Simulações vão dar novas pistas
Embora ressalvando que não é o objetivo de suas pesquisas, o professor Michel Vincentz acha possível que outros pesquisadores estudem, especificamente, a história evolutiva de cada uma das variedades de planta verde com maior importância econômica e nutricional, no intuito de melhorá-las geneticamente. “Ocorre que a obtenção de novos produtos no curto prazo é algo complicado, devido à própria complexidade das redes. Creio que seja trabalho para dez anos, tempo necessário para aprofundar nossos conhecimentos sobre a biologia das angiospermas e de como as novas peças se encaixaram durante sua evolução”.
No CBMEG, o grupo de Vincentz adotou para estudo funcional – não da história evolutiva – das plantas verdes, a angiosperma Arabidopsis thaliana, considerada um sistema modelo para pesquisas. “A quantidade de informação que temos nela é enorme, o que facilita nosso trabalho. É um organismo que permite perguntas muito mais precisas, sendo possível manipulá-lo e transformá-lo. Com as informações, podemos extrapolar para outras angiospermas ou mesmo para organismos mais simples do esquema evolutivo”.
O professor da Unicamp informa que genes bZIP envolvidos no controle energético em Arabidopsis thaliana já foram encontrados em cana-de-açúcar, arroz, sorgo e milho. “Sabemos que o sistema está presente na cana, mas o que procuramos estudar é a variabilidade associada aos genes. É preciso saber se eles são tão importantes para a cana quanto para a Arabidopsis, como por exemplo, no controle do estresse hídrico ou do uso dos recursos energéticos. De qualquer forma, agora conseguimos fazer simulações”.
Segundo o pesquisador, identificar genes de interesse em uma planta é um processo rápido, desde que seu genoma esteja completamente mapeado. “Nesse caso, basta fazer uma busca no banco de dados, onde encontraremos uma pequena análise de relação evolutiva, informando inclusive se duas espécies diferentes possuem um ancestral comum e se elas estão relacionadas”.

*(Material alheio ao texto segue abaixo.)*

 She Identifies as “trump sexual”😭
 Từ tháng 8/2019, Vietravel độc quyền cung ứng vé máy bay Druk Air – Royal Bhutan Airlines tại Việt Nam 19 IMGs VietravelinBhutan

Michel Vincentz ressalta que, mais recentemente, chegaram ao mercado genomas como do sorgo, da uva e da samambaia, e que do milho está para ser disponibilizado. “Existe um grande esforço internacional para desvendar todas as etapas evolutivas que levaram às angiospermas, e para isso precisamos da informação completa, que é o genoma. Em pouco tempo, vamos entender como um gene foi criado e se encaixou em redes ancestrais fundadoras para gerar um organismo mais sofisticado e robusto, capaz de se adaptar a novos meios”.